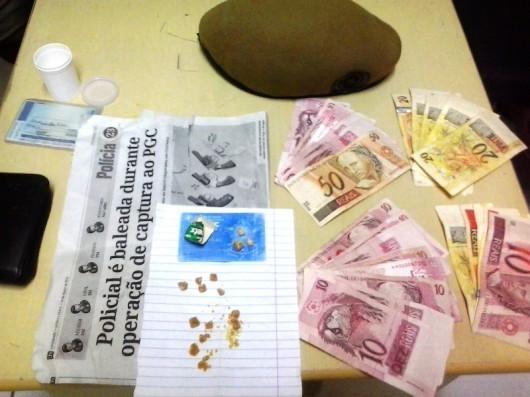 Após monitorar comércio de drogas, vendedor e usuário são flagrados com crack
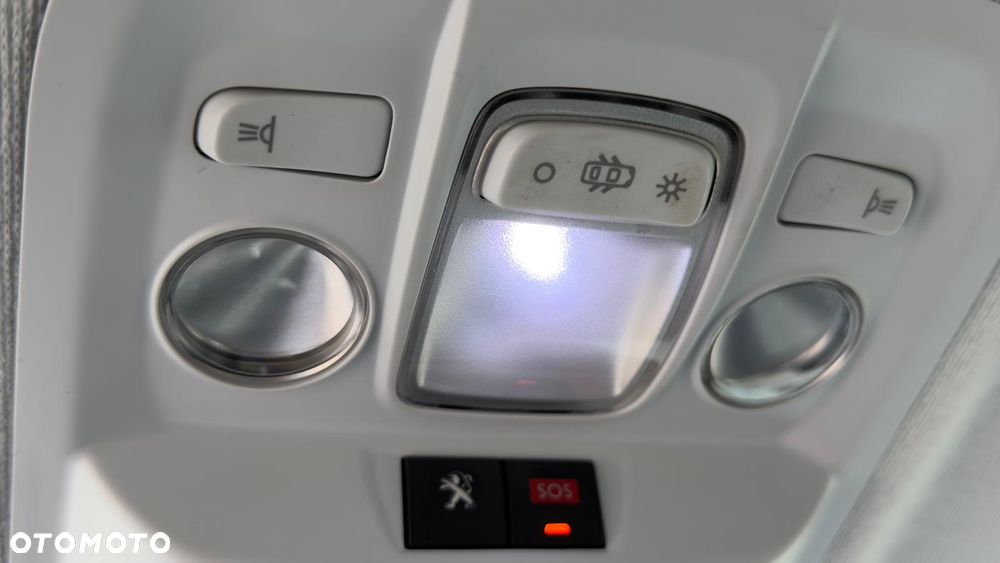 Peugeot 208 1.6 VTi Allure - 15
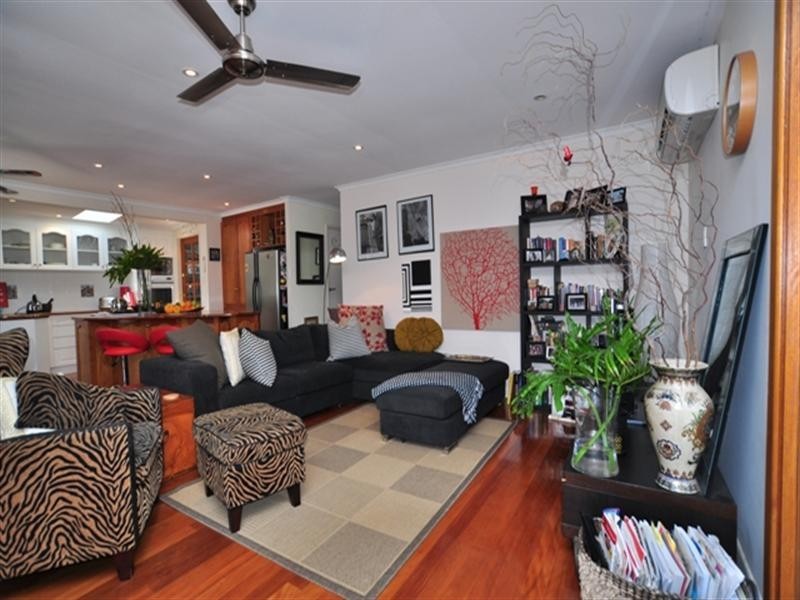 12 Iragana Street, Hope Island QLD 4212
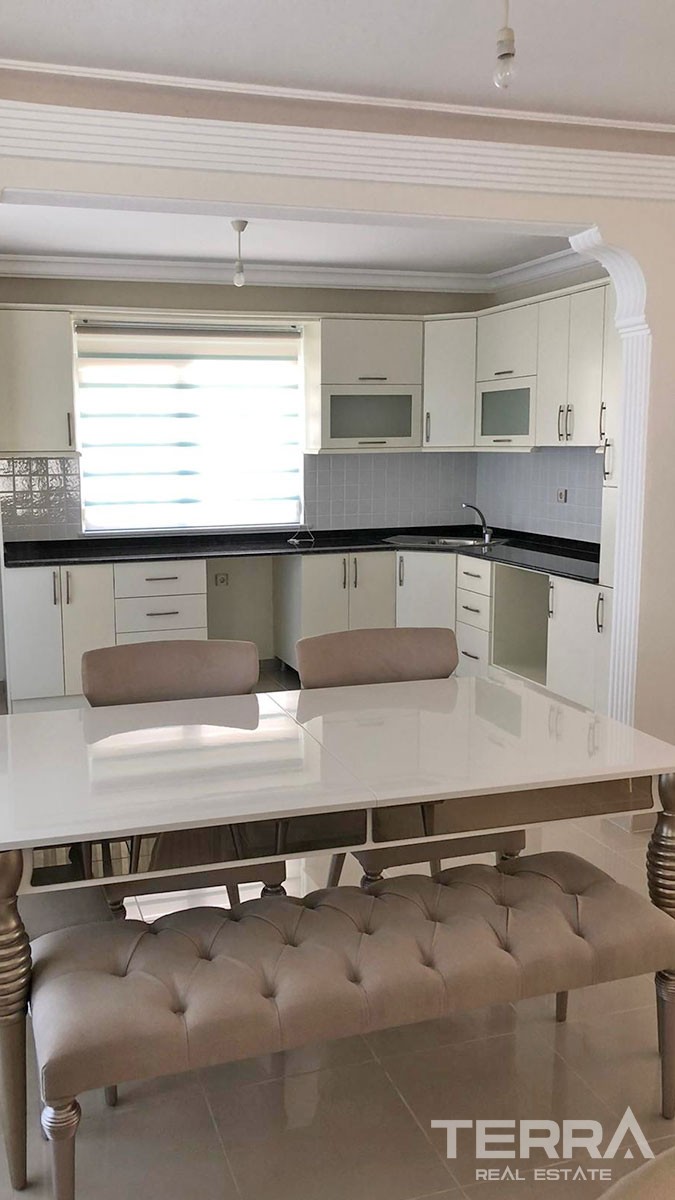 Villas with Splendid Amenities and Green Area for Sale in Alanya - 43821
--*--
■ **Instructions to follow**: Would you return the whole listing above exactly as written, skipping any image?

■ **Exercise output**:
 Após monitorar comércio de drogas, vendedor e usuário são flagrados com crack
 Peugeot 208 1.6 VTi Allure - 15
 12 Iragana Street, Hope Island QLD 4212
 Villas with Splendid Amenities and Green Area for Sale in Alanya - 43821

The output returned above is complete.